Step 2: pick a backend¶
| Target | Cargo features | Typical tokens/sec (7B Q4_K_M) |
|---|---|---|
| CPU only (M-series Mac) | ["openmp"] |
~10 tok/s. |
| Apple Metal | ["metal", "openmp"] |
~25 tok/s. |
| NVIDIA RTX 4090 | ["cuda", "openmp"] |
~80 tok/s. |
| AMD MI300X | ["rocm", "openmp"] |
~100 tok/s. |
| Vulkan (NVIDIA) | ["vulkan", "openmp"] |
~70 tok/s. |
Numbers depend on quant, context length, prompt length and the exact model. Use them as a sanity check, not a guarantee.

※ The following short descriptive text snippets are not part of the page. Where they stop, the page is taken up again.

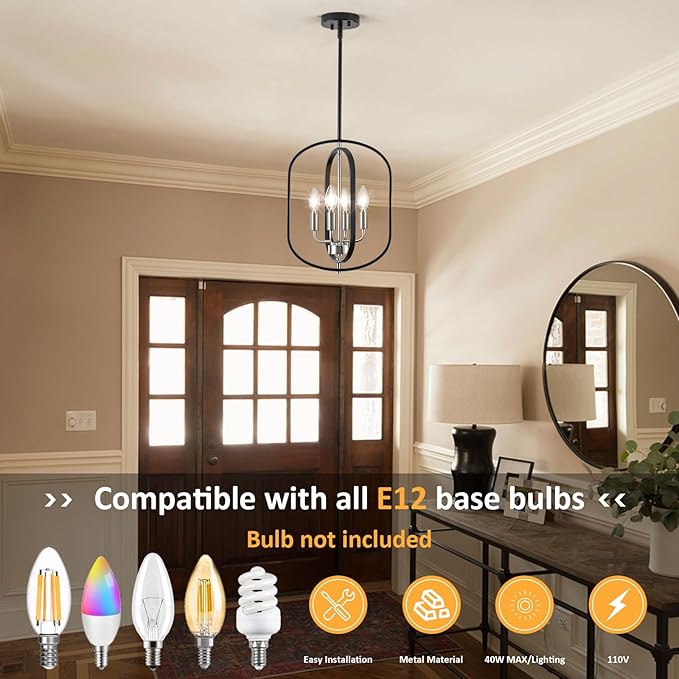 Black Nickel Chandelier Light, Modern Farmhouse Chandeliers for Dining Room Light Fixture, Adjustable Foyer Lighting Fixtures Small Rustic Kitchen Chandelier for Entryway Living Room Bedroom Hallway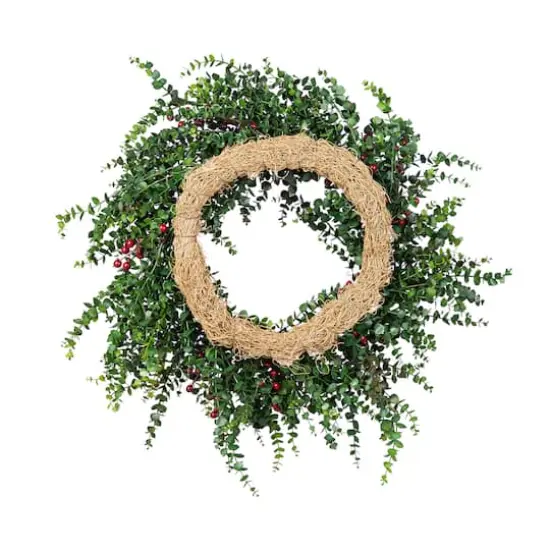 Glitzhome&reg; 28"D Christmas Greenery PE Eucalyptus Wreath with Red Berries {8}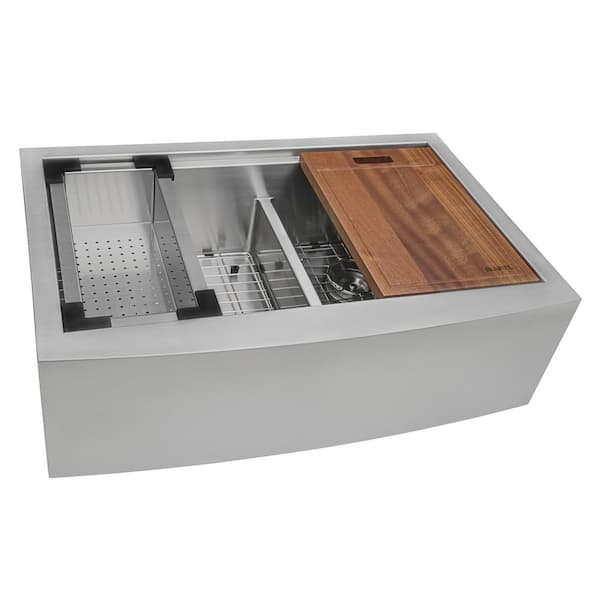 Verona 36 in. Apron-Front Farmhouse 50/50 Double Bowl 16-Gauge Stainless Steel Kitchen Sink with Low Divide
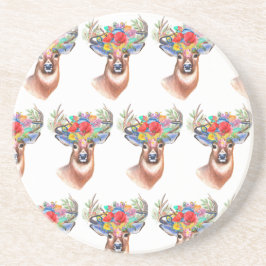 Dessous De Verre En Grès Paterna Flower Reindeer Christmas Magie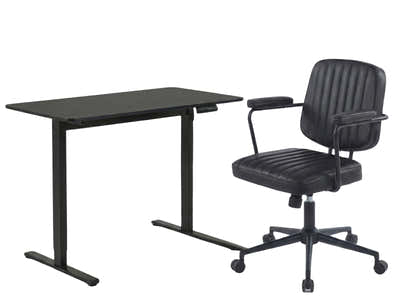Height Adjustable Desk Set LK All Black & Elio Office Chair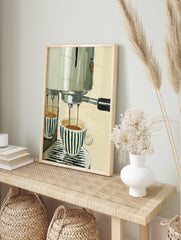 Coffee poster depicting an espresso machine pouring coffee into two blue and white striped cups on a light background. - Image 4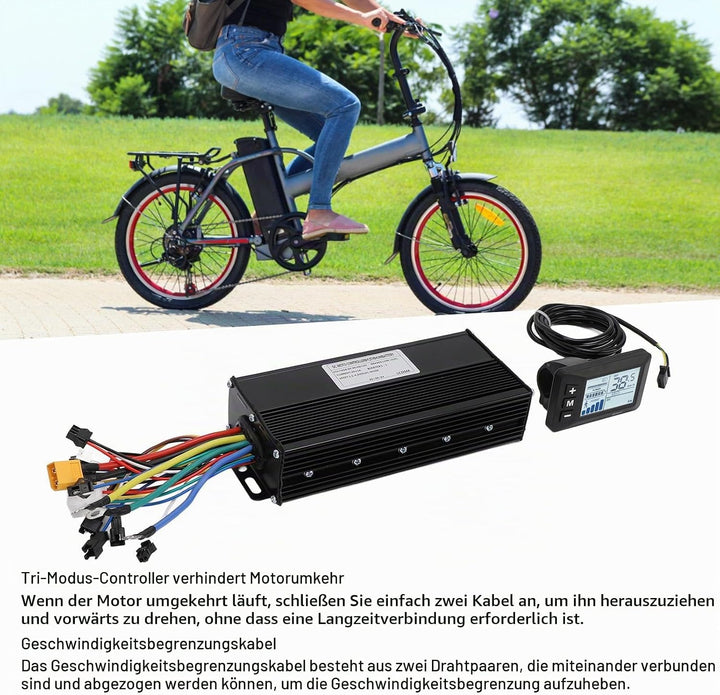 BuyWeek Elektrofahrrad Brushless Motor Controller Kit, 36V 48V 52V 1500W 2000W 40A 3 Modus Sinuswell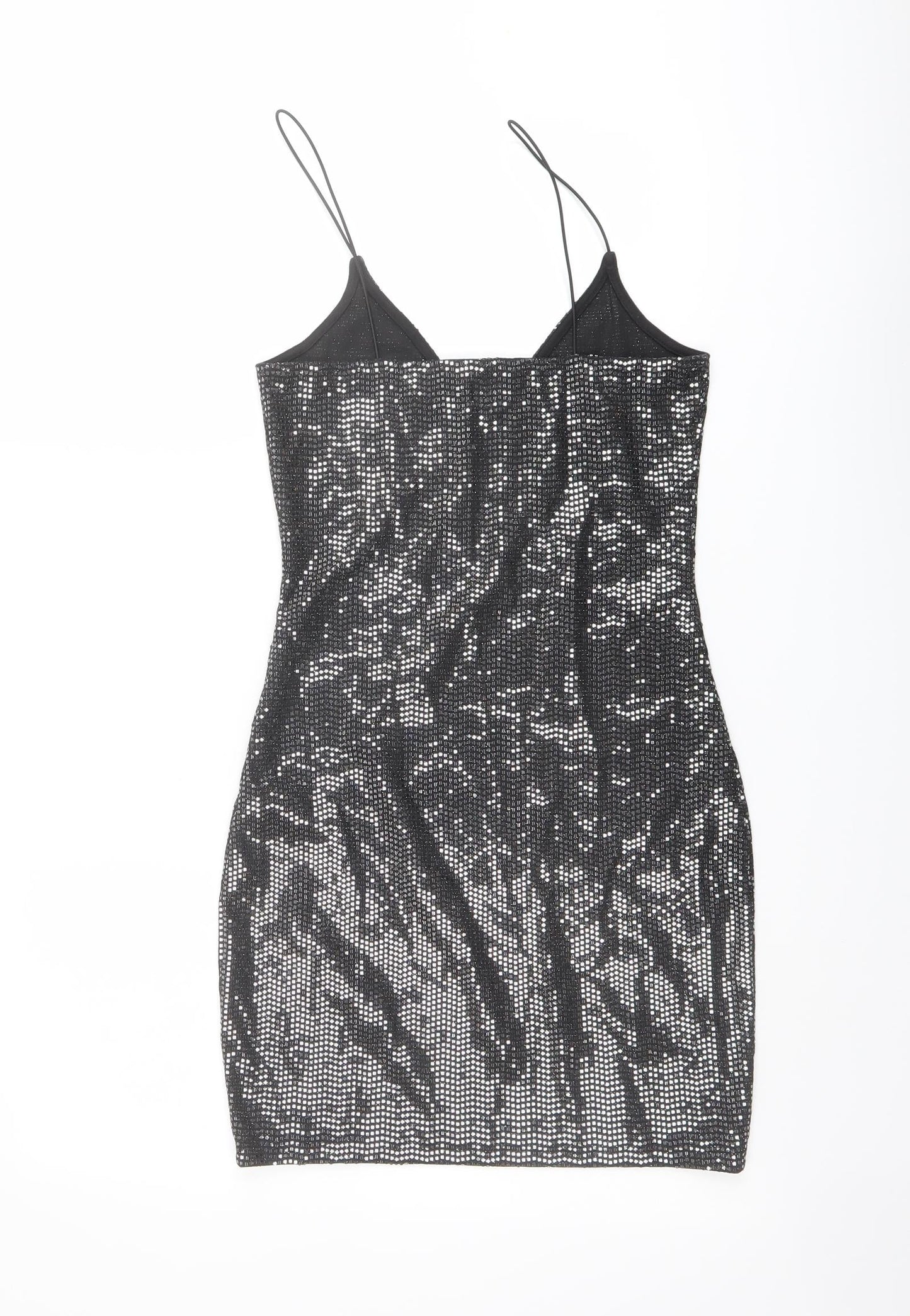 H&M Womens Black Polyester Bodycon Size XS V-Neck Pullover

Step 3: tune n_gpu_layers¶
n_gpu_layers is the single biggest knob for hybrid
CPU/GPU workloads. The rule of thumb:
| Model size | 8 GB GPU | 16 GB GPU | 24 GB GPU |
|---|---|---|---|
| 7B Q4_K_M | 99 layers | 99 layers | 99 layers |
| 13B Q4_K_M | 99 layers | 99 layers | 99 layers |
| 70B Q4_K_M | 10–15 layers | 20–25 layers | 35–40 layers |
To find the exact value for your model, increase n_gpu_layers
until you see "out of memory" errors, then back off by 5.
Step 4: tune n_threads¶
CPU threads are most useful when (a) the model is too big to fit in VRAM and the tail runs on the CPU, or (b) the prompt ingestion phase is dominated by tokenisation (rare on small prompts).
A reasonable starting point is the number of physical cores (not the total core count). On Apple Silicon, the number of performance cores is a better target.
use llama_crab::{Llama, LlamaParams};
let mut llama = Llama::load(
LlamaParams::new("model.gguf")
.with_n_threads(num_cpus::get_physical()),
)?;
A few rules of thumb:
- Don't oversubscribe. More threads than physical cores causes context-switch overhead.
- On laptops, half the physical cores to avoid thermal throttling.
- The
n_threads_batchsetting (separate thread count for batches) is rarely needed; leave it at the default.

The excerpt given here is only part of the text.